The cost-to-value ratio is undeniably in need of a realignment. We need to pursue lower costs by reducing unnecessary waste, but we cannot do so at the expense of healthcare quality. To accomplish this, we need to develop an understanding of where our waste problem is coming from and create a long-term strategy for plugging the leaks.

 

There is no primary hole in healthcare’s metaphorical bucket; instead, resource loss in the industry stems from a thousand tiny inefficiencies and overly complex protocols. While there is no perfect way to organize these wastes, the waste can be divided into two sweeping — and by no means wholly comprehensive — categories. The first is administrative, which refers to losses caused by overly bureaucratic and unnecessarily complex billing protocols between insurers and providers. The second is operational waste, which encompasses inefficient care delivery protocols.

 

Administrative Waste

Unnecessary bureaucracy is a major culprit in healthcare overspending. According to research published by the Dartmouth Institute for Health Policy and Clinical Practice, a full third of all clinical care spending on Medicare enrollees could have been avoided without penalty to patient outcomes. For the most part, the waste can be attributed to the unnecessary complexity of the systems linking providers to private insurers and government agencies.

 

The total lack of standardization between disparate operators often forces provider organizations to decode diverse protocols and spend more time than necessary on billing and paperwork. Not only does waste time, but the unnecessary complexity also cuts down on the hours doctors have available to see patients, thereby leading to additional wastes in billable hours. The solution here is clear, if difficult to implement: the healthcare sector needs to cut down on unnecessary red tape and establish a standard protocol for handling billing and paperwork across payer and provider organizations. This will of course take years — but if we can manage it, we may be able to make a significant dent in unnecessary administrative expenses and time wasted.

 

Operational Waste

Eliminating operational waste will require provider organizations to improve their day-to-day efficiency without forcing their doctors into burnout or compromising their patient care quality. It’s not an easy task; too often, organizations struggle to separate speed from efficiency. The first refers to how quickly a doctor can move from patient to patient, while the second involves a doctor’s ability to provide quality care to a patient within a tight timetable.

 

With speed, the onus of productivity falls heavily on the provider even if the system they work within isn’t conducive to efficient work.
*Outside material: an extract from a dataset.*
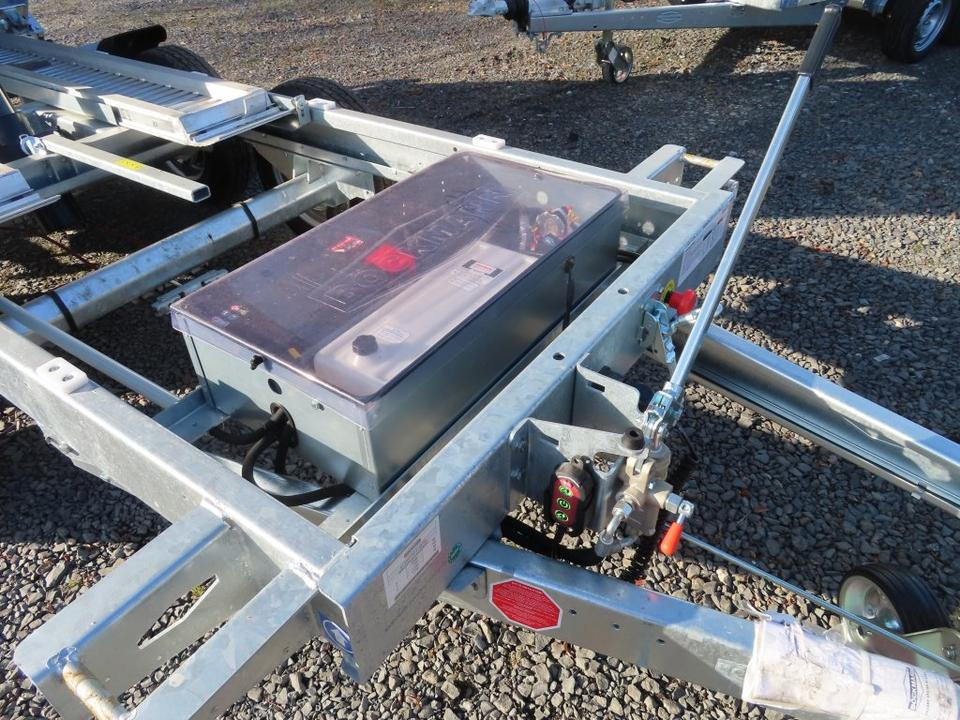 Böckmann PKW-Anhänger Elektro-Dreiseitenkipper 3,5 to Stahlbord. - קרון נגרר עם מזהיר: תמונה 5 Böckmann PKW-Anhänger Elektro-Dreiseitenkipper 3,5 to Stahlbord. - קרון נגרר עם מזהיר: תמונה 5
For all that doctors and non-medical staff might work themselves to exhaustion, the quality of care they provide eventually flattens as a result of inefficient operations. Doctors spend too much time on paperwork, and not enough time providing medical care; the weight of organizational expectations for speed pushes them towards disengagement and burnout. As one writer for Modern Healthcare describes the matter: “Poorly designed delivery systems have led to widespread job dissatisfaction among physicians. And patients are unhappy that it’s often hard to get in to see the doctor and typical visits are too short.”

 

Healthcare organizations can only cut down on operational waste if they can put structures in place to streamline their doctors’ efficiencies. For some, a solution may be to bring on additional support staff to handle excess paperwork and allow doctors the time they need to treat patients without having to struggle through poorly-organized systems. This fix would need to be applied at a business level and take into account the specific logistical needs of the organization at hand.

 

At its heart, the problem we face isn’t one of overspending, but of systemic and organizational inefficiencies that prevent us from delivering affordable healthcare. We can strike a balance between pursuing efficiency and improving value — but the task will require significant effort from both individual organizations and the health care sector as a whole. If we do manage to eliminate waste and implement truly efficient systems, however, we will stand a chance of recasting the United States as a frontrunner in the global healthcare community.